Most often a bad name is harmless, or at worst a minor annoyance, but sometimes a term can have adverse consequences. Buzzword de jour DevSecOps is one those terms I personally take exception to—it sets up false expectations and, being a buzzword, lacks nuance.
What makes this worse is that the central idea—summed up by Michelle Ribeiro in her forthcoming O’Reilly book “Learning DevSecOps” as “to have development, security, and operations teams working together to create business value through the fast delivery of secure software using a process of continuous security”—is laudable, but the key DevOps concept of shared ownership already includes Security. Or, at least, it should.
The Sec is Silent
Whilst you can get a hundred definitions of DevOps by asking 99 people, you’d be at fault if you didn’t include security in a definition of what fully implemented DevOps entails.
The term DevSecOps implies that Security is separate, a third pillar. In such a case, why does it stop at Security? What about Observability? What about Resiliency? Flexibility? Scalability? In that sense the “Revolutionary Model of Software Development” from Emily Freeman, which has each of these as joint responsibilities, does a much better job of explaining how these various areas should be integrated.
At least as frustrating is the term “Shifting Left on Security”. Unless you are operating in a traditional waterfall model, the concept of shifting left is nonsensical. Where is left? What is happening over there?
The original concept of shifting left, with regards to testing, goes back to 2001. Back then most of us were indeed operating in a waterfall model, but reusing this nomenclature today is problematic. As we start to shift everything left (testing, security, observability, etc) we’re adding more gates between the business of writing software and actually getting it deployed.

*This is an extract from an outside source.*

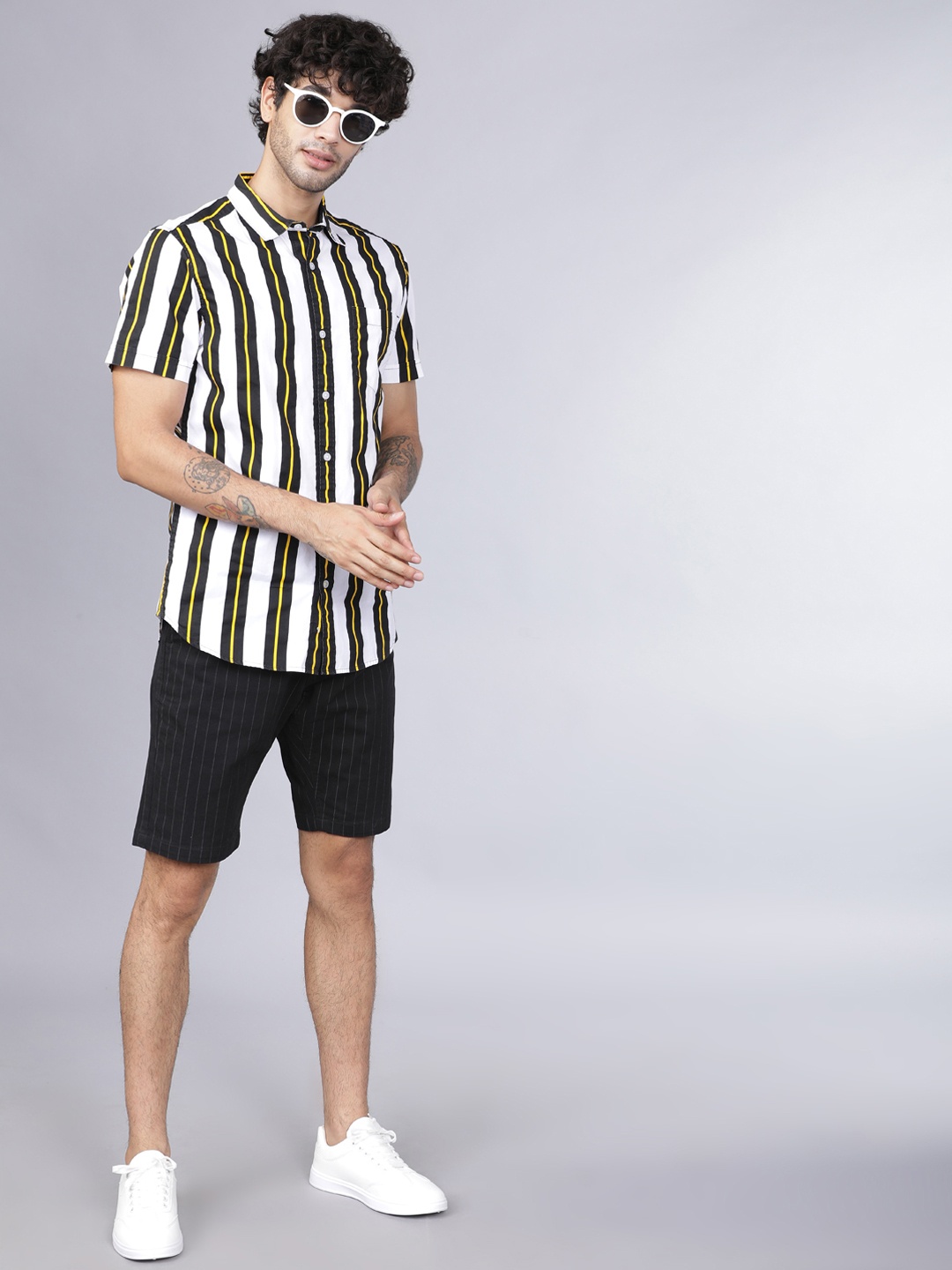 

HIGHLANDER Men White and Black Slim Fit Striped Casual Shirt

This matters because it gives us the wrong mental model. We want to make it as easy as possible to deliver value. These are not stages we need to pass through in order to do so, but rather are considerations which should be included in all aspects and by everyone involved in the software delivery process.
DevAiSecBizObsMLOps
A further issue is that tech terms are often created, or quickly co-opted, by companies trying to push forward their own agenda—. a constant source of annoyance in the tech industry. As a new term gains popularity, it is quickly grasped by any company that can claim even minor semblance to their product, spending vast piles of marketing dollars to deliberately seed confusion in the marketplace. The more vague or ambiguous a term the worse it gets. Consider observability; how confident are you that you know the difference between an observability tool and a traditional APM monitoring tool?
DevSecOps was the first of the XXOps variants, of which we have seen many, very few of which are relevant.
Not all Bad
Rant aside, there are some honest aims and positive results which have come out of the “DevSecOps” movement. Security has long held a problematic role in software development. From my experience most organisations seem to fall into one of the two extremes when it comes to applying security
- The Greek Oracle—anyone who has worked for or with any large enterprise company has experienced the pains of dealing with the mysterious security team. Often unseen and unnamed, only accessible by an obscure ticketing system or physical telephone, the security team holds extreme power. They will deem a technology, product feature or service as worthy or unworthy, through a convoluted process intended to confuse. They appear to be beholden to no one, existing merely to frustrate. When rejecting a solution they rarely give any sort of explanation, expecting you to simply accept their decision as the final word
- The Cowboy—commonly found in startups, the cowboy has adopted the famous Zuckerburg mantra of “Move fast and break things” where ‘things’ includes customers’ trust and government regulations. Security is at best an afterthought, but more commonly a ‘neverthought’. Anything which may slow down the churn out of features is discarded, and security is the first to go. The argument is often used that it will be added in later, but in practice this almost never happens as back-filling security is always extremely costly, and extraordinarily technically challenging.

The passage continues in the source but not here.